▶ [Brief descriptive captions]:
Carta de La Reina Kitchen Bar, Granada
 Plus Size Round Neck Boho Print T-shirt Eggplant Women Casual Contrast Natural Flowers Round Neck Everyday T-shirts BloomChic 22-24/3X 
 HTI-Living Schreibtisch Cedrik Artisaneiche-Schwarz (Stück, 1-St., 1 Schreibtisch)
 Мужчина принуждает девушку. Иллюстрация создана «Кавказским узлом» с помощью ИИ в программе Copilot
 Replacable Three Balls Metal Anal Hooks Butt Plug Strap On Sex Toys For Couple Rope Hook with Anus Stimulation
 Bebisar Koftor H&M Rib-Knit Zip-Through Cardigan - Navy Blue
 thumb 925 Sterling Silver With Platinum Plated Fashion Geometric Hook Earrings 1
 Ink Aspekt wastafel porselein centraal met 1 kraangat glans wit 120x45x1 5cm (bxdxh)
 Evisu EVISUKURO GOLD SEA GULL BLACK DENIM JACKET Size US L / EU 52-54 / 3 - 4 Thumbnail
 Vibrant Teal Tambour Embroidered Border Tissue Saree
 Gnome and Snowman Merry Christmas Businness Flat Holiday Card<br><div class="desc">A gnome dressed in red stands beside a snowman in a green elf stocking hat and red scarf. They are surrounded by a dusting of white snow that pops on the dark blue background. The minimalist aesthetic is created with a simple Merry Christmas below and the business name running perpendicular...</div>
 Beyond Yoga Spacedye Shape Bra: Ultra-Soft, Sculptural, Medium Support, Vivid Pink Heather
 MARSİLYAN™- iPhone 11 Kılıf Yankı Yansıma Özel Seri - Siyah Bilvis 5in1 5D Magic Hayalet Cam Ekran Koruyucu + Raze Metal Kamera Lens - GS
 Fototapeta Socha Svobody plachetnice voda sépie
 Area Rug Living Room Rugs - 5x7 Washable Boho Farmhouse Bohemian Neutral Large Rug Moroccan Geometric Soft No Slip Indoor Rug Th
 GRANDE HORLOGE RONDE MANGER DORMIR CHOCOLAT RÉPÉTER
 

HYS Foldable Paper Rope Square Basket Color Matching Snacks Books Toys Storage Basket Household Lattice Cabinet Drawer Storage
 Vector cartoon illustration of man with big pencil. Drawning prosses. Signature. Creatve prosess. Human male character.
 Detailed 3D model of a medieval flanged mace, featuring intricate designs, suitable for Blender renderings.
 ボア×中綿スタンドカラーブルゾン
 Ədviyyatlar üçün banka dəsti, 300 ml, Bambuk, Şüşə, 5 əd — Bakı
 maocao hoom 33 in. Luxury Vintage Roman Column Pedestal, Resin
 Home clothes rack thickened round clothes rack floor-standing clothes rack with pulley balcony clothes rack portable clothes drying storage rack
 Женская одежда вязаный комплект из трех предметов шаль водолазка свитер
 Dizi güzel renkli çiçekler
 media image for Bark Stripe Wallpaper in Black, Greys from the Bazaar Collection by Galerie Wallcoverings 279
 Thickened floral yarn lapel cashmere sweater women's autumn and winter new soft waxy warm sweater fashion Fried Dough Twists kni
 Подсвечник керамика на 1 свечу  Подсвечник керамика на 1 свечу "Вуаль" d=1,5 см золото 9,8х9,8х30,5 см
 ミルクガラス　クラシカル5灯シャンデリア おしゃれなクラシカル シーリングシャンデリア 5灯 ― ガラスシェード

▶ [TASK REQUIREMENTS]: Locate "maocao hoom 33" in the data above. Then repeat, exactly, its line and each line after it through the last, adding nothing.

▶ [RESULT OF THIS TASK]:
 maocao hoom 33 in. Luxury Vintage Roman Column Pedestal, Resin
 Home clothes rack thickened round clothes rack floor-standing clothes rack with pulley balcony clothes rack portable clothes drying storage rack
 Женская одежда вязаный комплект из трех предметов шаль водолазка свитер
 Dizi güzel renkli çiçekler
 media image for Bark Stripe Wallpaper in Black, Greys from the Bazaar Collection by Galerie Wallcoverings 279
 Thickened floral yarn lapel cashmere sweater women's autumn and winter new soft waxy warm sweater fashion Fried Dough Twists kni
 Подсвечник керамика на 1 свечу  Подсвечник керамика на 1 свечу "Вуаль" d=1,5 см золото 9,8х9,8х30,5 см
 ミルクガラス　クラシカル5灯シャンデリア おしゃれなクラシカル シーリングシャンデリア 5灯 ― ガラスシェード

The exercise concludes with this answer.